Working data:
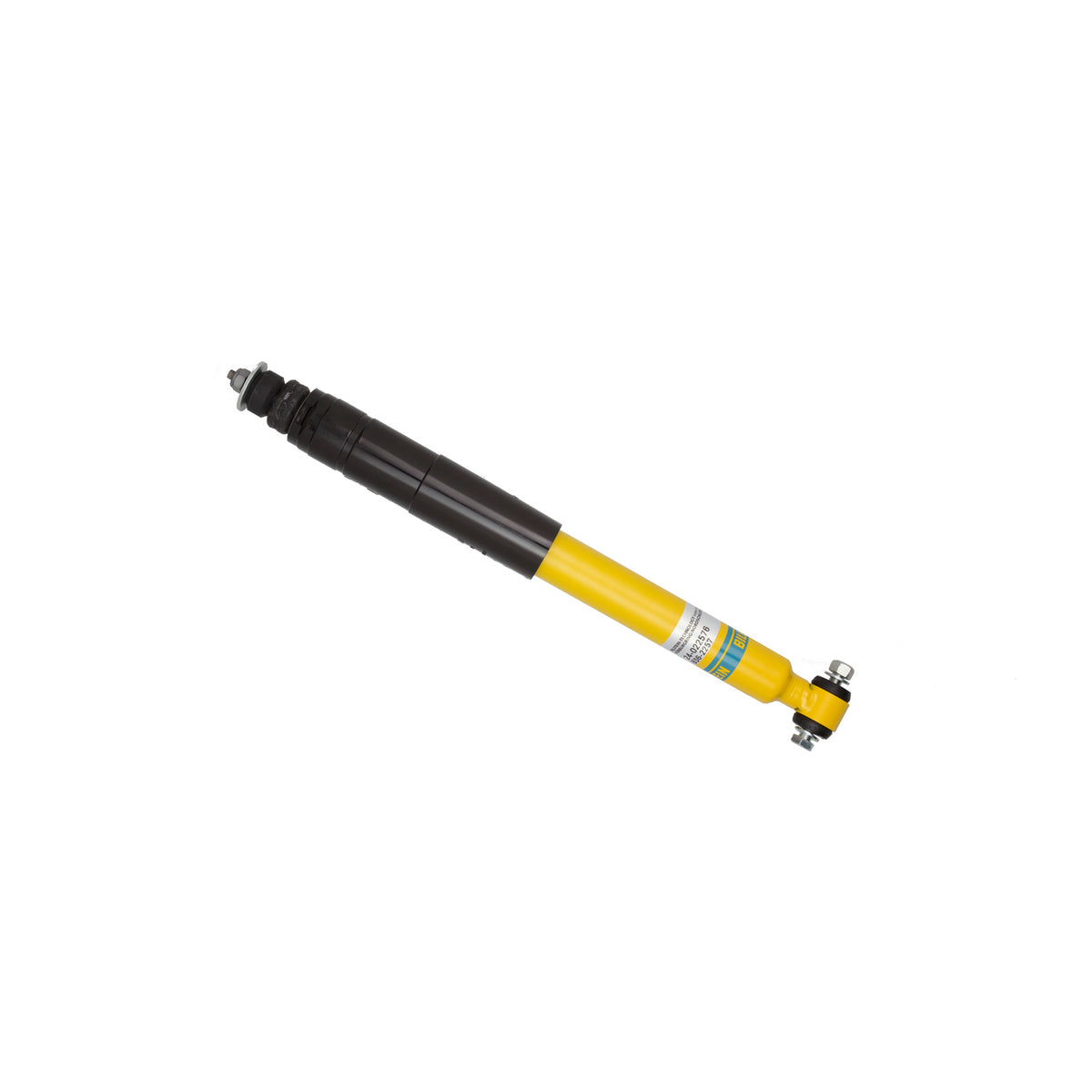 Bilstein B6 1990 Mercedes-Benz 300SL Base Rear Shock Absorber - 24-022576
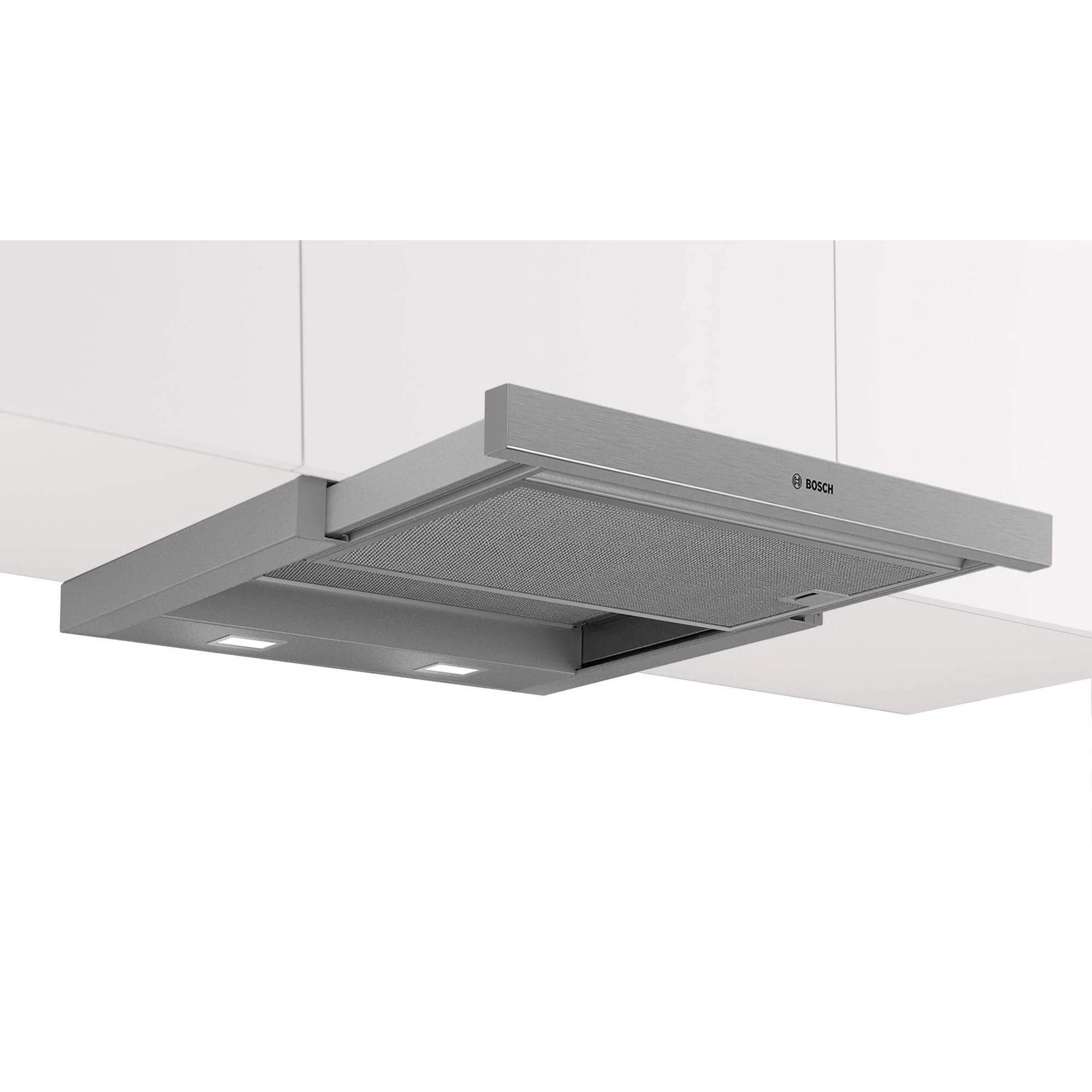 Bosch DFS067A51 – Serie 4 – Telescopische dampkap – 60 cm – Zilver metallic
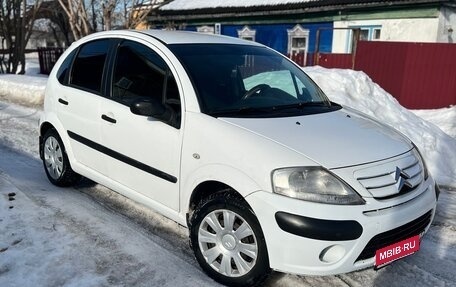 Citroen C3 II, 2009 год, 280 000 рублей, 2 фотография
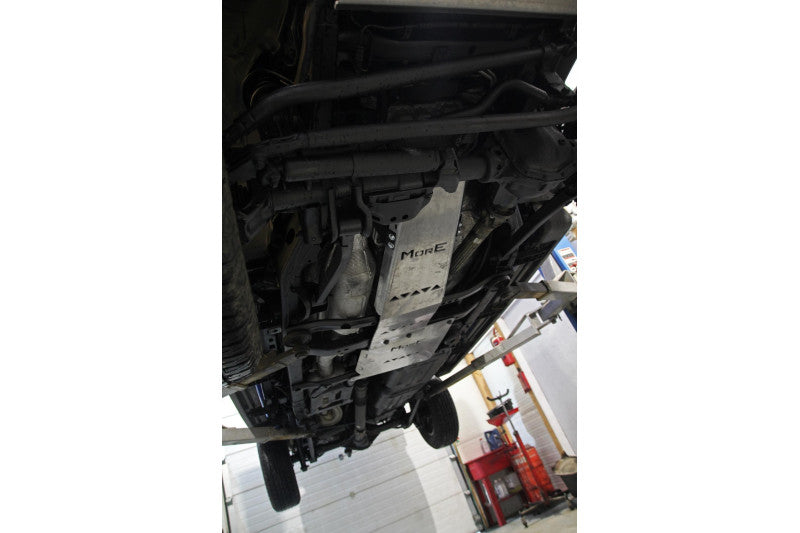 Aluminium Unterfahrschutz Verteilergetriebe Jeep Gladiator JT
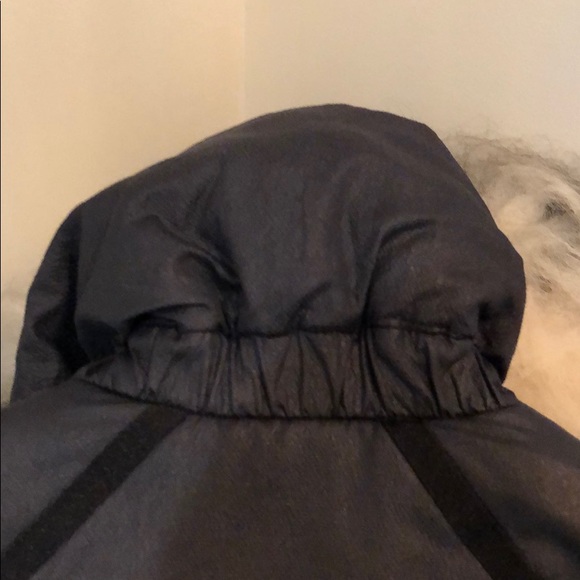 Kenneth Cole Black Shawl Jacket - Picture 5 of 13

Brief: The records above should be repeated exactly, with no pictures in the copy.

Written solution:
 Bilstein B6 1990 Mercedes-Benz 300SL Base Rear Shock Absorber - 24-022576
 Bosch DFS067A51 – Serie 4 – Telescopische dampkap – 60 cm – Zilver metallic
 Citroen C3 II, 2009 год, 280 000 рублей, 2 фотография
 Aluminium Unterfahrschutz Verteilergetriebe Jeep Gladiator JT
 Kenneth Cole Black Shawl Jacket - Picture 5 of 13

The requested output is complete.